The problem — Write out exactly the lines from the one with "Illustrazione Una Cornice" through the last line of the data below, but not the pictures.

[[ Raw data open ]]

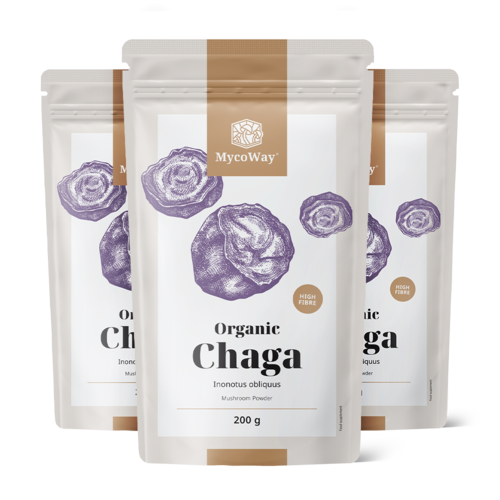 3x BIO Chaga v prášku, spolu 600 g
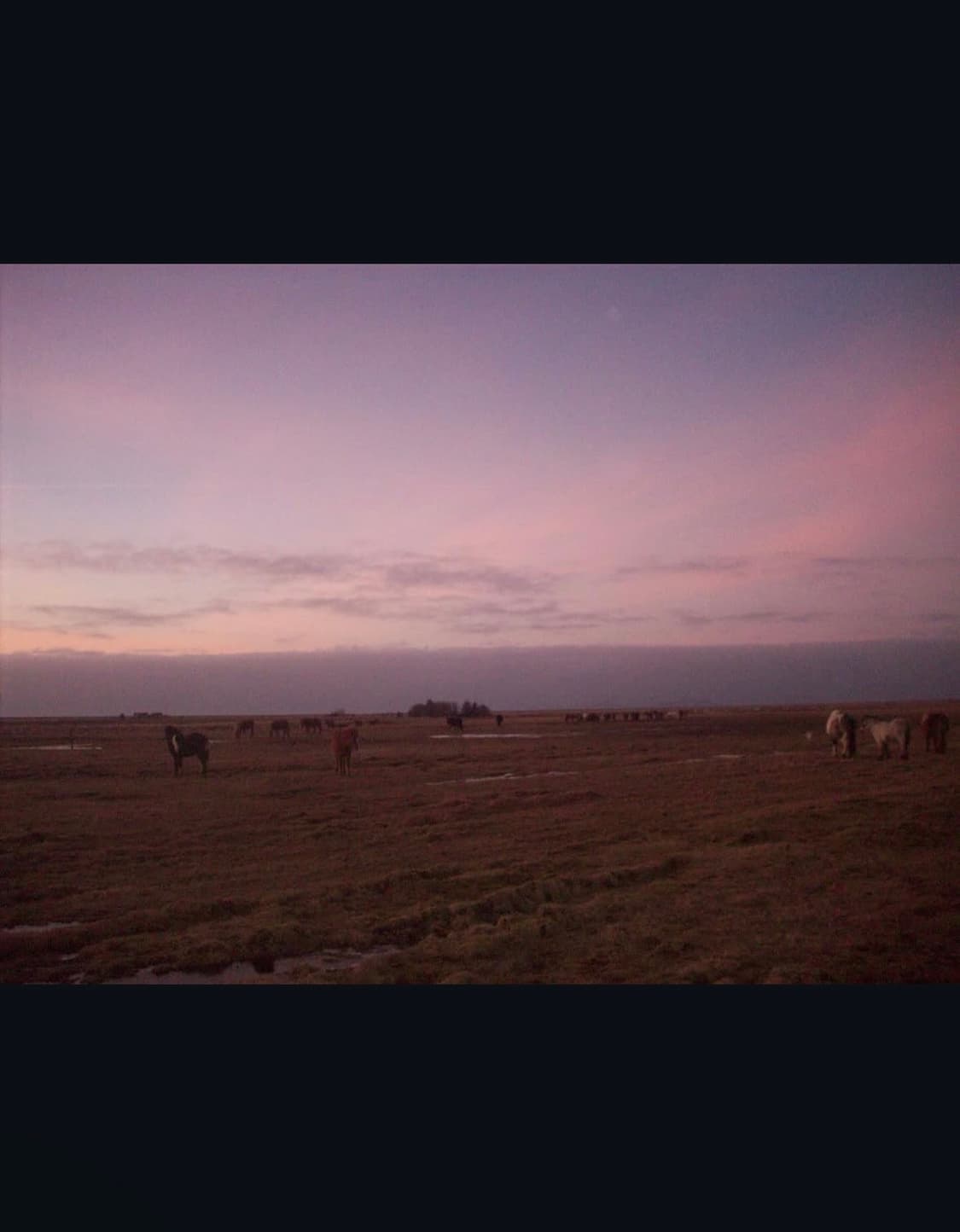 코닥 이지쉐어 m753 디지털카메라 상품이미지10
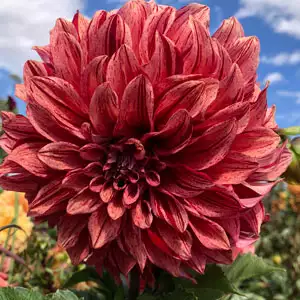 Dahlia Tiger Bey Dahlia Tiger Bey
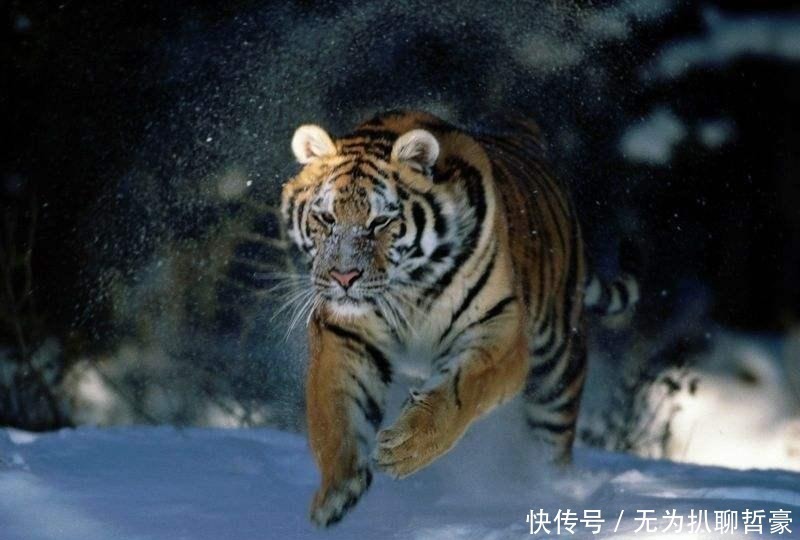 惊人|武松打死老虎后,仵作对老虎进行了查验,发了一个惊人的秘密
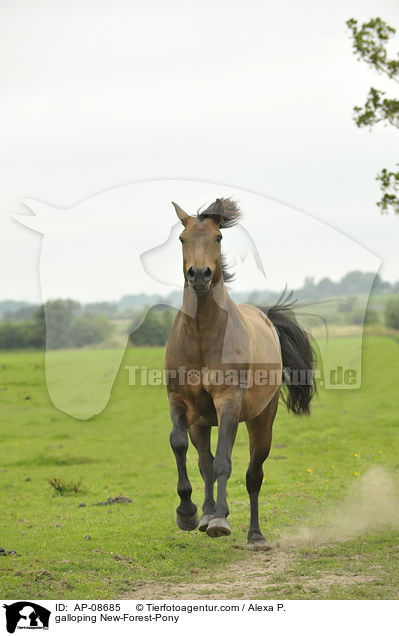 galloping New-Forest-Pony / AP-08685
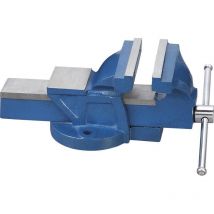 Etau d'etabli en fonte de 100 mm Fervi 0174/100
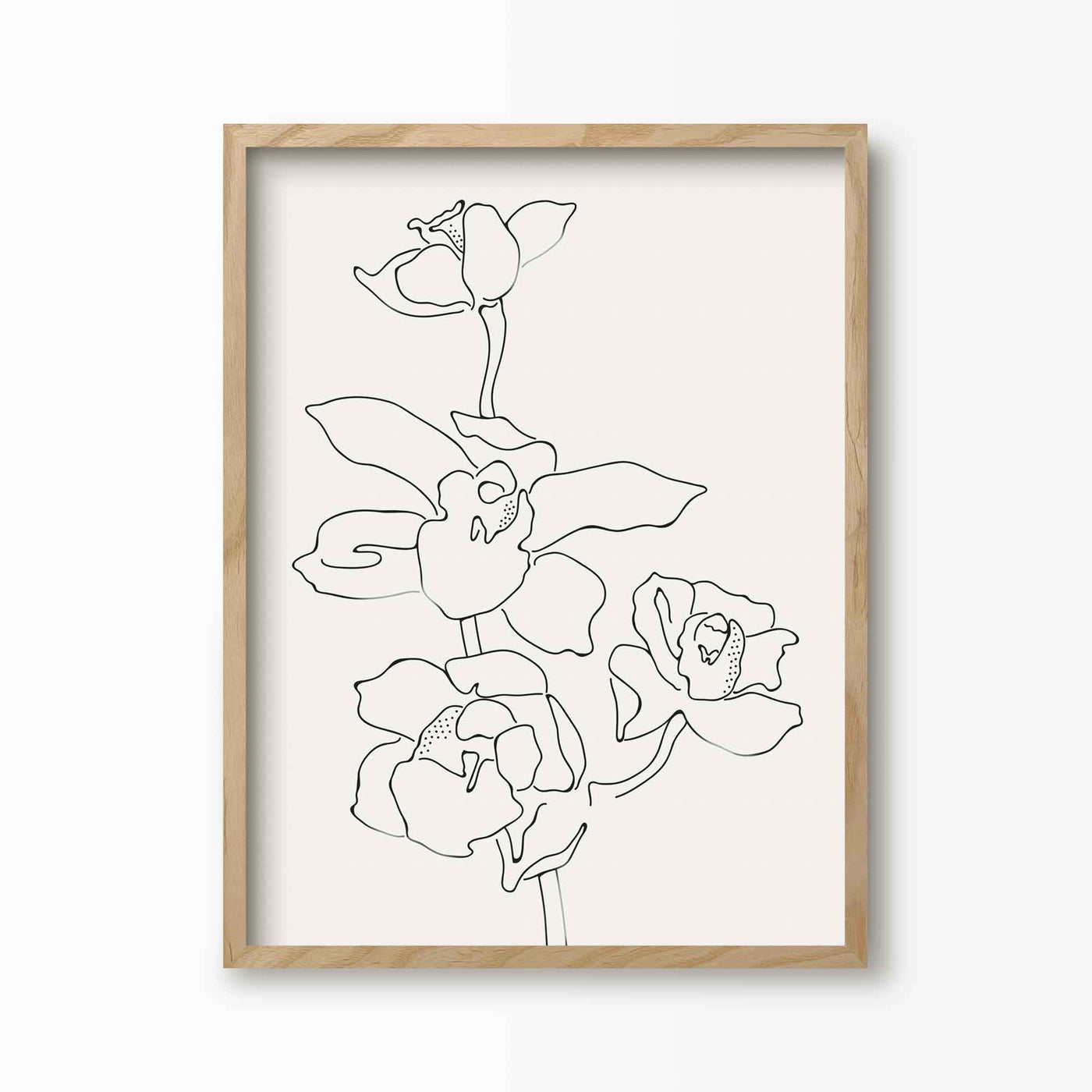 Green Lili 30x40cm / Natural Orchid Flowers 2 Line Art Print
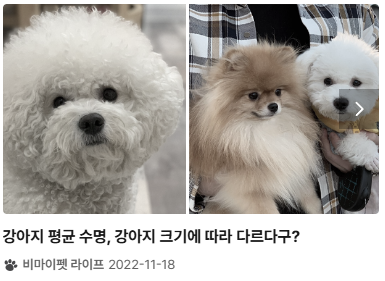 다양한 크기의 견종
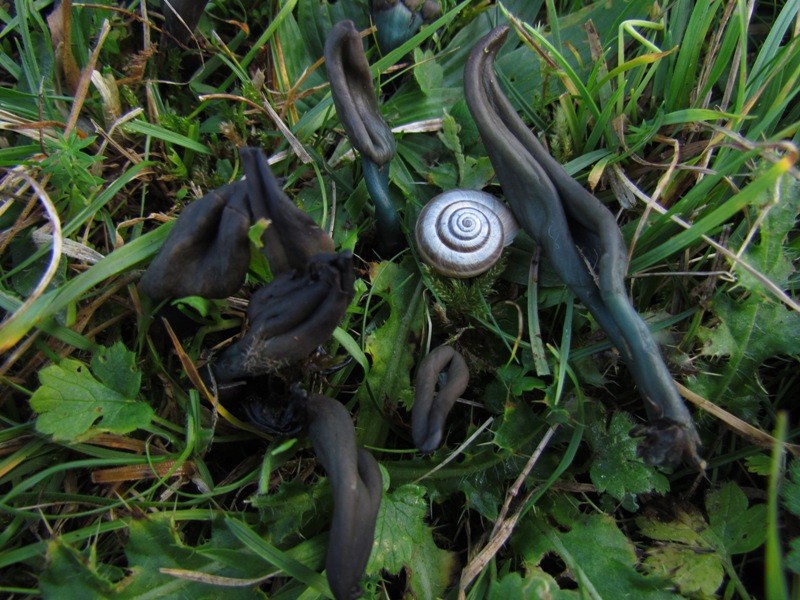 Pilz des Monats Dezember 2014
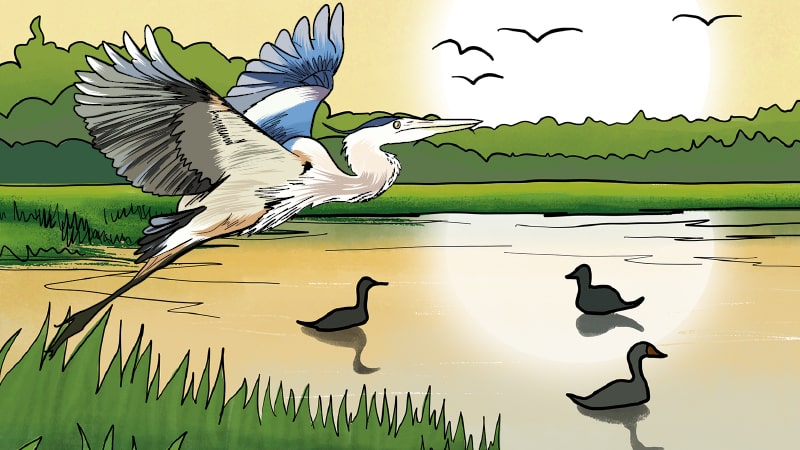 Infographic depicting animals and foliage in the community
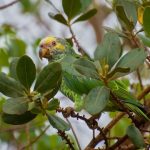 Желтобрюхий попугай - дружелюбный вид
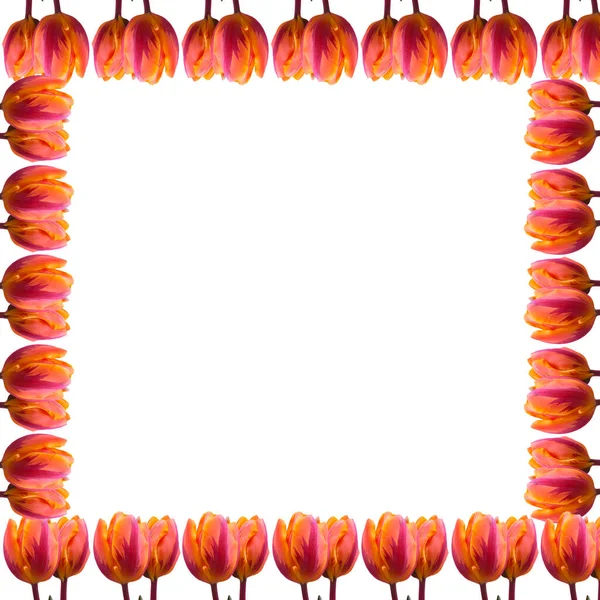 Illustrazione Una Cornice Floreale Tulipano Rosso Con Spazio Testo Centro — Foto Stock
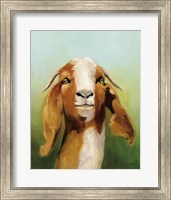 Framed Got Your Goat v2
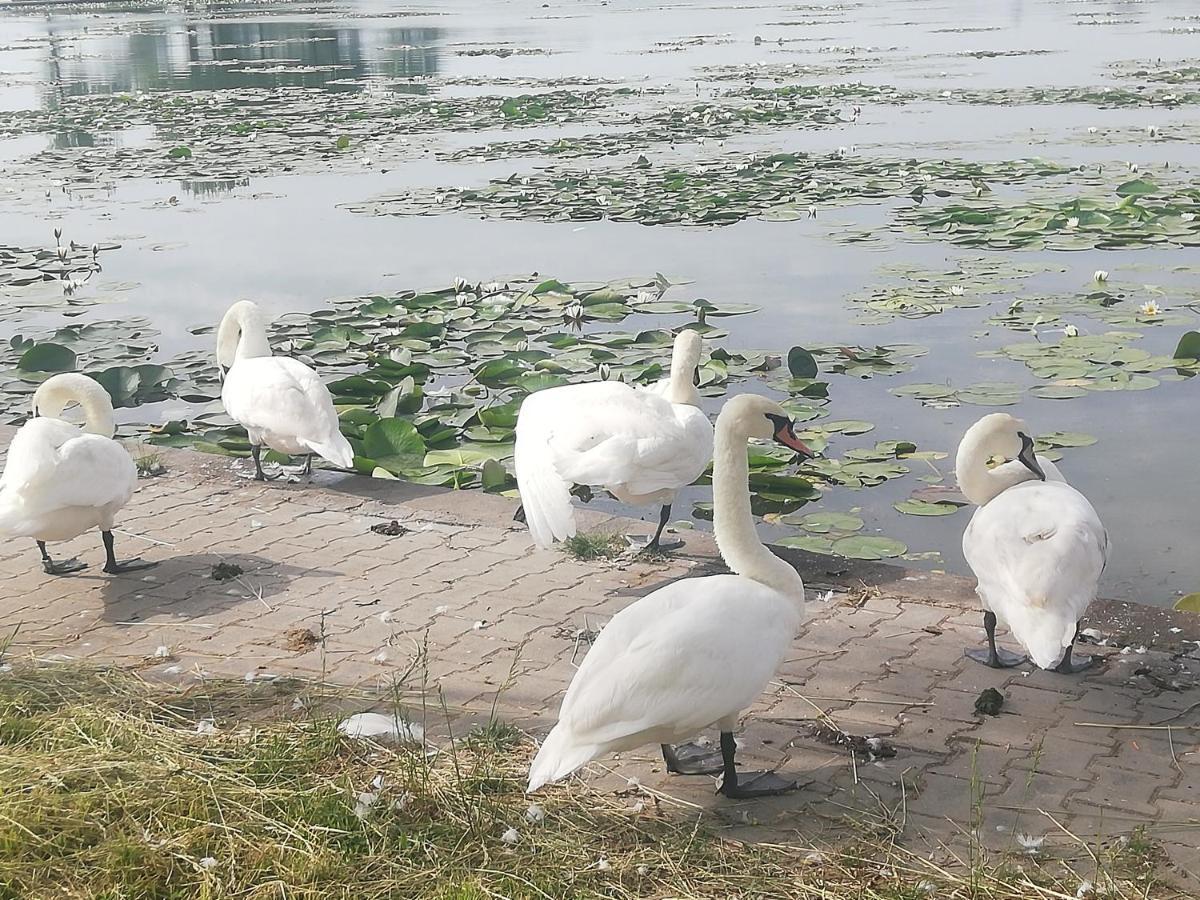 Pensiunea Scoika Steaguri Neptun Bagian luar foto
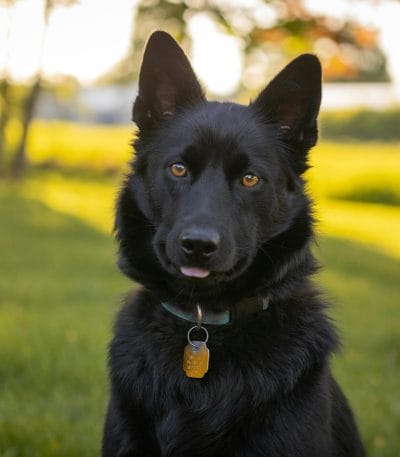 Buy Pure Black German Shepherd - Solid Midnight Black GSD Puppy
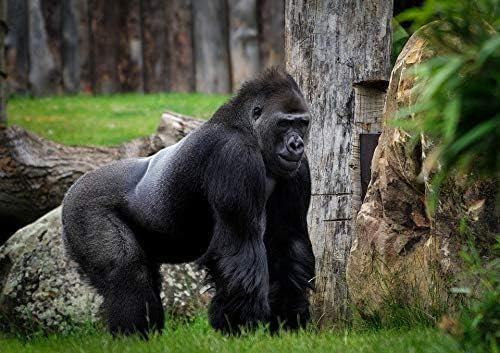 2000 Teile Gorilla-Puzzlespiele Puzzles für Erwachsene Spiele für Erwachsene70X100CM von AWYHEZ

[[ Raw data closed ]]

Finished task —
 Illustrazione Una Cornice Floreale Tulipano Rosso Con Spazio Testo Centro — Foto Stock
 Framed Got Your Goat v2
 Pensiunea Scoika Steaguri Neptun Bagian luar foto
 Buy Pure Black German Shepherd - Solid Midnight Black GSD Puppy
 2000 Teile Gorilla-Puzzlespiele Puzzles für Erwachsene Spiele für Erwachsene70X100CM von AWYHEZ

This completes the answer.